I don’t think that the manually-installed version of the plugin will work if it’s moved to the Engine plugins. You may need to install it on a per-project basis. Does the plugin work if you move it to the Plugins folder of your project? You may need to create the Plugins folder if it does not already exist.
Yeah unfortunately you can’t just copy a working plugin from a project to the Engine/Plugins/Marketplace directory. You need to “package” the plugin as an engine plugin first. You should be able to do that by going to Edit → Plugins, finding the Cesium for Unreal plugin in the Geospatial section, and clicking the Package button.

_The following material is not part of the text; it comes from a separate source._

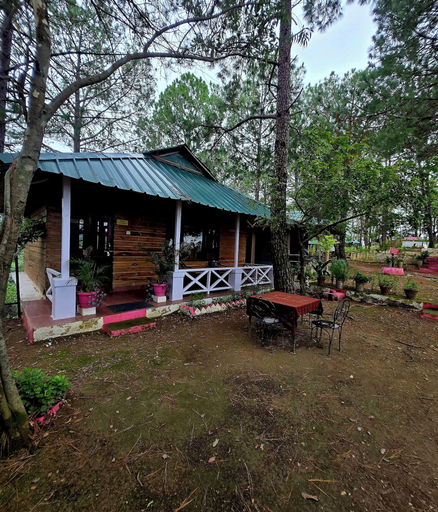 Outdoor dining, Pine Wood Nirvana Jungle Resorts, Shimla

It can be a bit persnickety though. For example, you need a Release build of cesium-native (and should either delete the Debug build, or make sure it is up-to-date). You also need exactly the right Xcode, or at least you need to build cesium-native targeting the right Xcode version.
Epic documents the requirements in the release notes for each version. Here it is for UE5:
So basically when building for macOS, we need to target Xcode 12.4 and macOS 10.15.7.
It’s an unfortunate reality of C++ that all these little details matter a lot, and nothing works if you get them wrong.
BUT we recently added UE5 macOS and iOS builds to our automated build process. So at this point you can just grab pre-built binaries included with the release. We’ve submitted them to the Epic Marketplace too, so they’ll be available there as soon as Epic approves the submission (should just be a day or two).